This is the mail archive of the
gcc-patches@gcc.gnu.org
mailing list for the GCC project.
Re: Allow inner-loop reductions with variable-length vectors
- From: Richard Biener <richard dot guenther at gmail dot com>
- To: gcc-patches at gcc dot gnu dot org,Richard Sandiford <richard dot sandiford at arm dot com>
- Date: Thu, 09 Aug 2018 17:42:22 +0200
- Subject: Re: Allow inner-loop reductions with variable-length vectors
- References: <87tvo31u3a.fsf@arm.com>
On August 9, 2018 4:40:41 PM GMT+02:00, Richard Sandiford <richard.sandiford@arm.com> wrote:
>While working on PR 86871, I noticed we were being overly restrictive
>when handling variable-length vectors.

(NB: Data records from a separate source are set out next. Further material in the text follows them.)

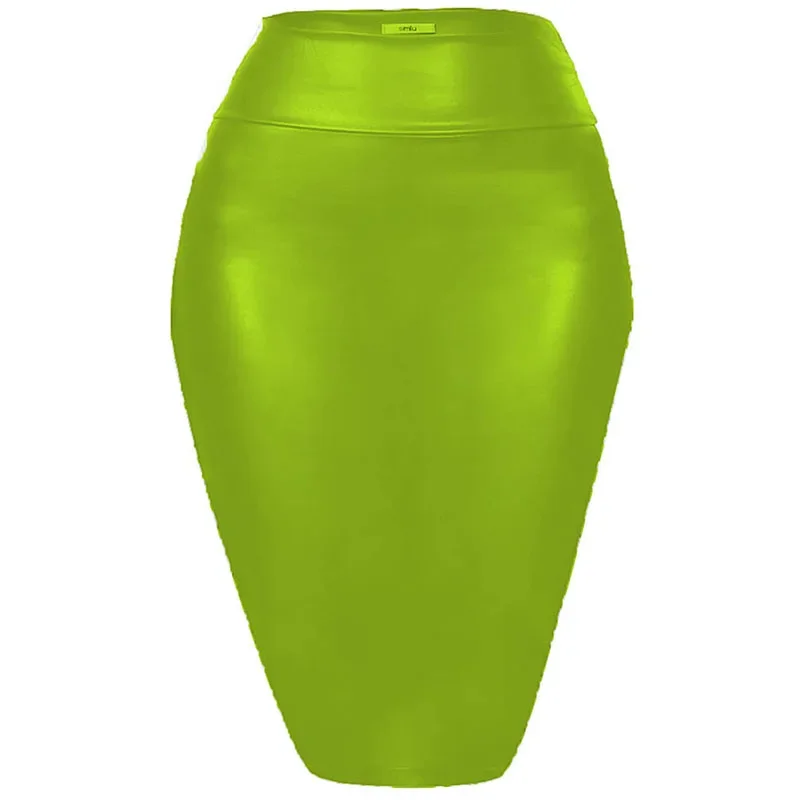 Women's Shiny Metallic Pencil Midi Skirt, Stretchy Coated Spandex, Office Ladies, Gothic Sheath, High Street, Elegant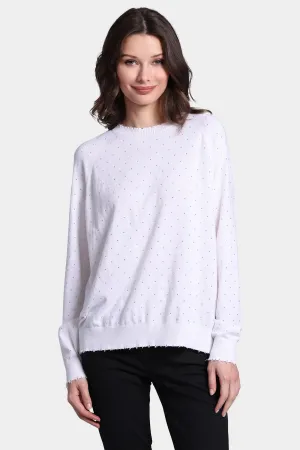 Minnie Rose Studded Frayed Edge Crew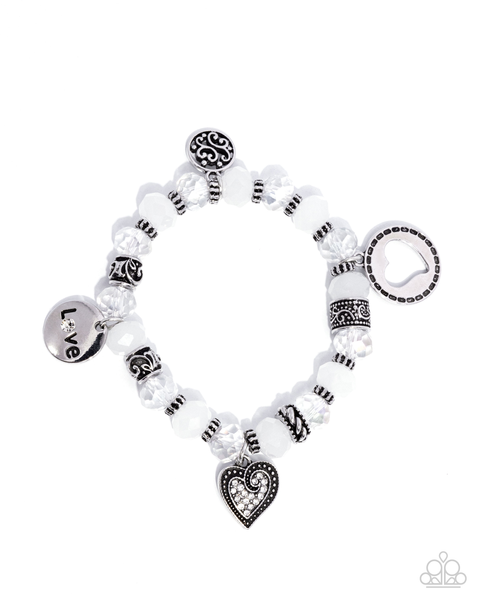 Paparazzi Filigree Finesse - White Charm Bracelet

For:
>
> for (i : ...)
> {
> res = ...;
> for (j : ...)
> res op= ...;
> a[i] = res;
> }
>
>we don't need a reduction operation (although we do for double
>reductions like:
>
> res = ...;
> for (i : ...)
> for (j : ...)
> res op= ...;
> a[i] = res;
>
>which must still be rejected).
>
>Tested on aarch64-linux-gnu (with and without SVE), aarch64_be-elf and
>x86_64-linux-gnu. OK to install?
OK.
Richard.
>Richard
>
>
>2018-08-09 Richard Sandiford <richard.sandiford@arm.com>
>
>gcc/
> * tree-vect-loop.c (vectorizable_reduction): Allow inner-loop
> reductions for variable-length vectors.
>
>gcc/testsuite/
> * gcc.target/aarch64/sve/reduc_8.c: New test.
>
>Index: gcc/tree-vect-loop.c
>===================================================================
>--- gcc/tree-vect-loop.c 2018-08-01 16:14:50.227052736 +0100
>+++ gcc/tree-vect-loop.c 2018-08-09 15:38:35.230258362 +0100
>@@ -6711,6 +6711,7 @@ vectorizable_reduction (stmt_vec_info st
> }
>
> if (reduction_type != EXTRACT_LAST_REDUCTION
>+ && (!nested_cycle || double_reduc)
> && reduc_fn == IFN_LAST
> && !nunits_out.is_constant ())
> {
>Index: gcc/testsuite/gcc.target/aarch64/sve/reduc_8.c
>===================================================================
>--- /dev/null 2018-07-26 10:26:13.137955424 +0100
>+++ gcc/testsuite/gcc.target/aarch64/sve/reduc_8.c 2018-08-09
>15:38:35.230258362 +0100
>@@ -0,0 +1,20 @@
>+/* { dg-do compile } */
>+/* { dg-options "-O2 -ftree-vectorize" } */
>+
>+int
>+reduc (int *restrict a, int *restrict b, int *restrict c)
>+{
>+ for (int i = 0; i < 100; ++i)
>+ {
>+ int res = 0;
>+ for (int j = 0; j < 100; ++j)
>+ if (b[i + j] != 0)
>+ res = c[i + j];
>+ a[i] = res;
>+ }
>+}
>+
>+/* { dg-final { scan-assembler-times {\tcmpne\tp[0-9]+\.s, } 1 } } */
>+/* We ought to use the CMPNE result for the SEL too. */
>+/* { dg-final { scan-assembler-not {\tcmpeq\tp[0-9]+\.s, } { xfail
>*-*-* } } } */
>+/* { dg-final { scan-assembler-times {\tsel\tz[0-9]+\.s, } 1 } } */